In this blog, I am going to talk about a presentation video called “Hedy: A Gradual Language for Programming Education” (https://www.youtube.com/watch?v=DRB4ukdM7Cw).

The talk of the presentation was well structured. As an audience, I believe it went smoothly and understand easily. It has talked about the important point at the beginning and gives a call to action at the end. From the slide, it has little to no words. It also gives a few pictures to explain what she is going to talk about, which helps the audience understand visually and orally. Each slide took her about 30 seconds to a minute to talk about and once she reaches the main point, she talks even longer along with the picture changing. She demonstrated the program to show us the audience that it is performing a transition from English to the programming language. Overall, it was a well-structured presentation.

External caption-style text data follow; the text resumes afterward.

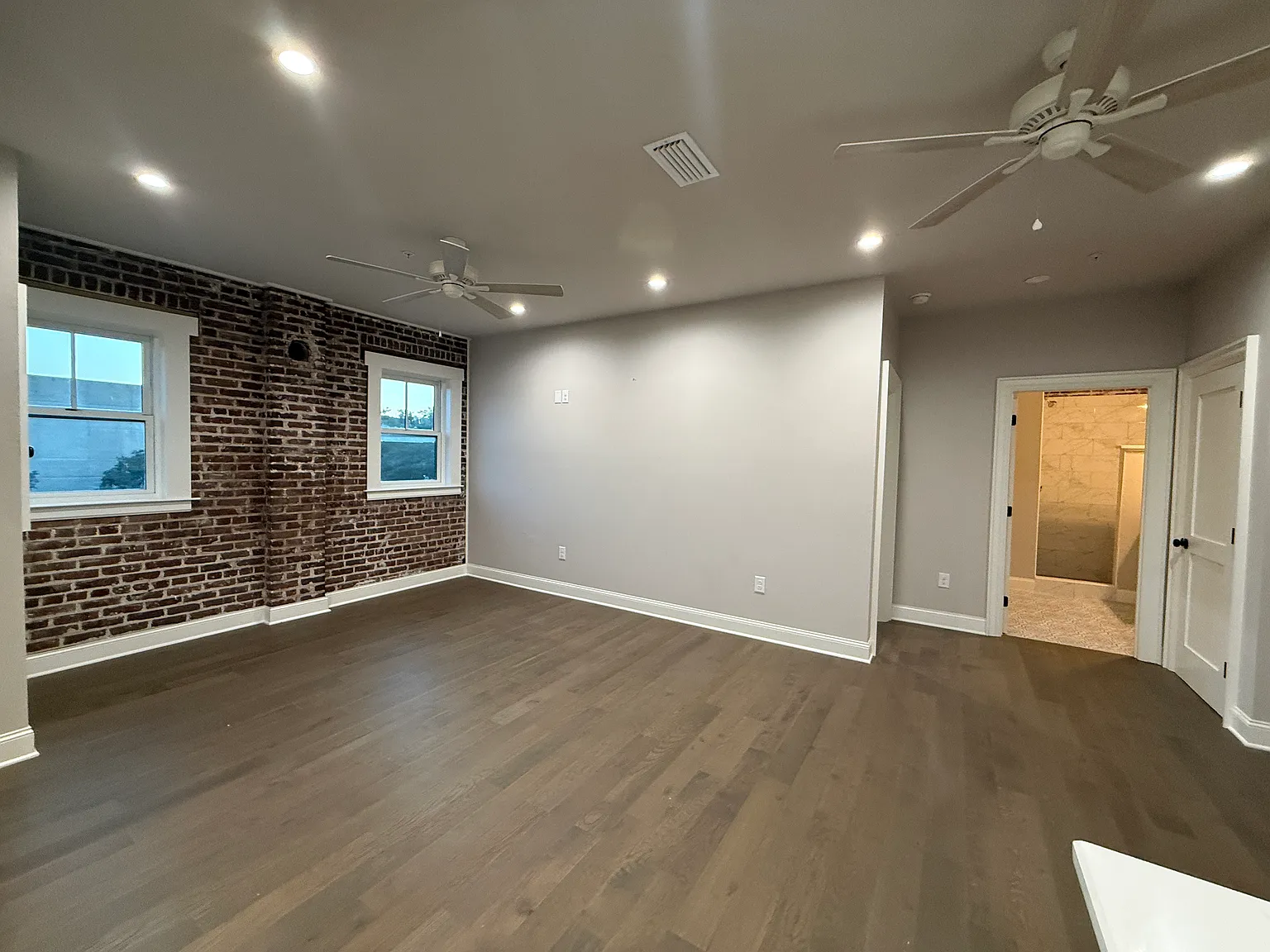 Available Now! 1 Bedroom / 2nd Floor Loft-Style Condo! — Photo 4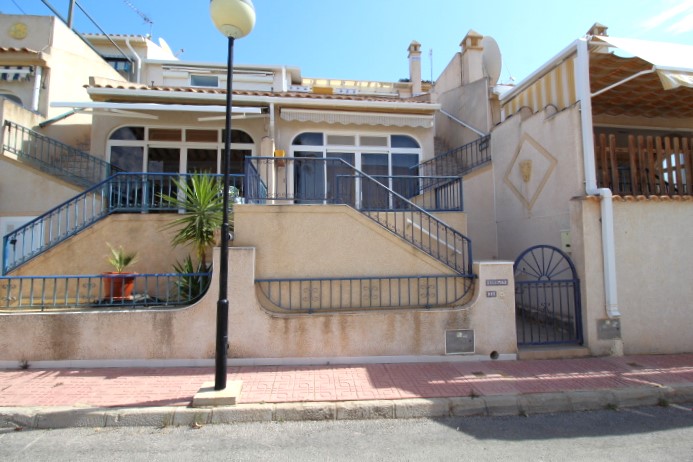 Bungalow orientado al sur en Blue Lagoon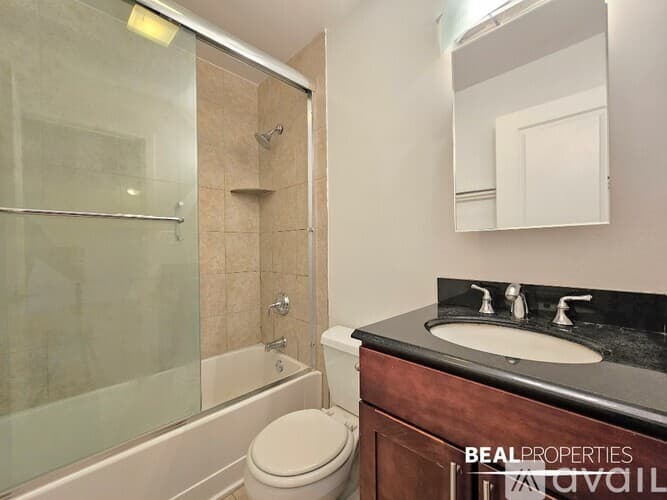 Chicago Apartment: 625 W Wrightwood Ave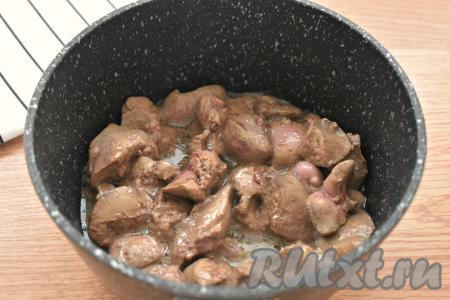 Наливаем в казан (или в глубокую сковороду, или в сотейник) растительное масло, хорошо разогреваем его и выкладываем подготовленную куриную печень. Обжариваем печёнку на огне выше среднего 5 минут, периодически перемешивая.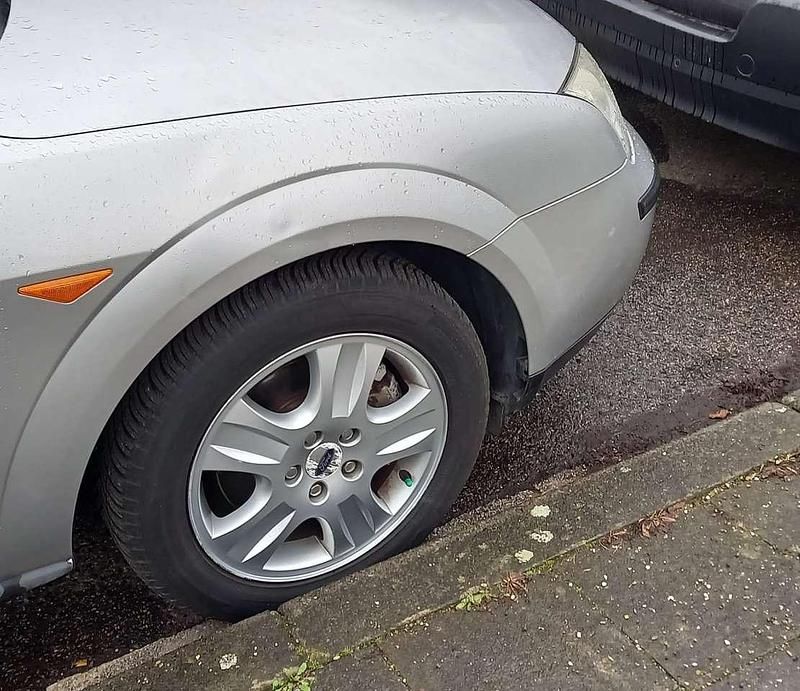 Gebraucht Ford Mondeo 125 PS (91 kW) 2002 Silber Kombi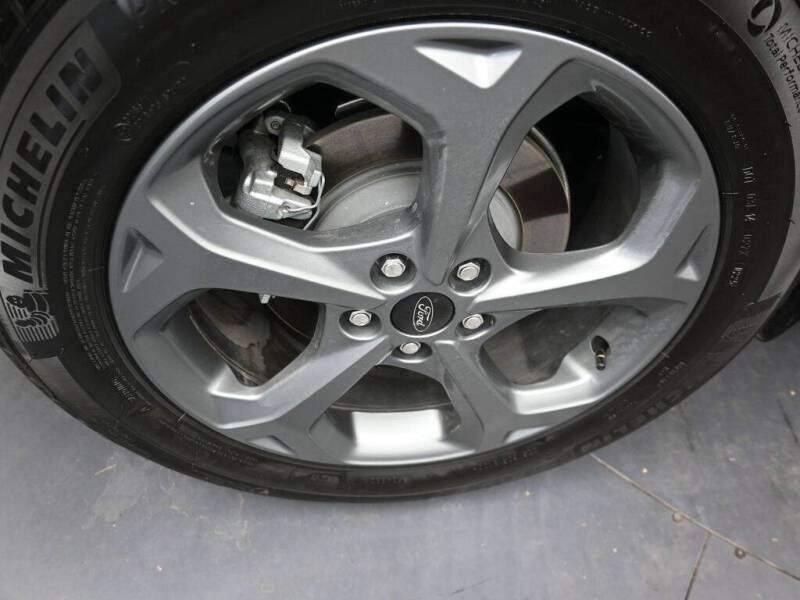 2025 Ford Escape ST-Line Select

From the content, it gave quite a lot of fundamental thinking for how a programmer should think, as it mainly talks about the cognitive load. The cognitive load is an interesting concept that talks about how you go from learning one word at a time to learning how to mix words. As for the programmers, you need to learn the syntax to write properly and understand the logic to use the syntax well. So, what she was suggesting is that understand the language you learn from, then transit it to programming language helps to understand one by one.

Even though I said the presentation was well structured, I believe it can still be improved. For example, Hedy only helps improve the beginning of programming from the transition of English to the programming language. It would not help to learn the logic. She should explicitly mention that the scope for Hedy is for the beginner and would not help in learning advanced logic.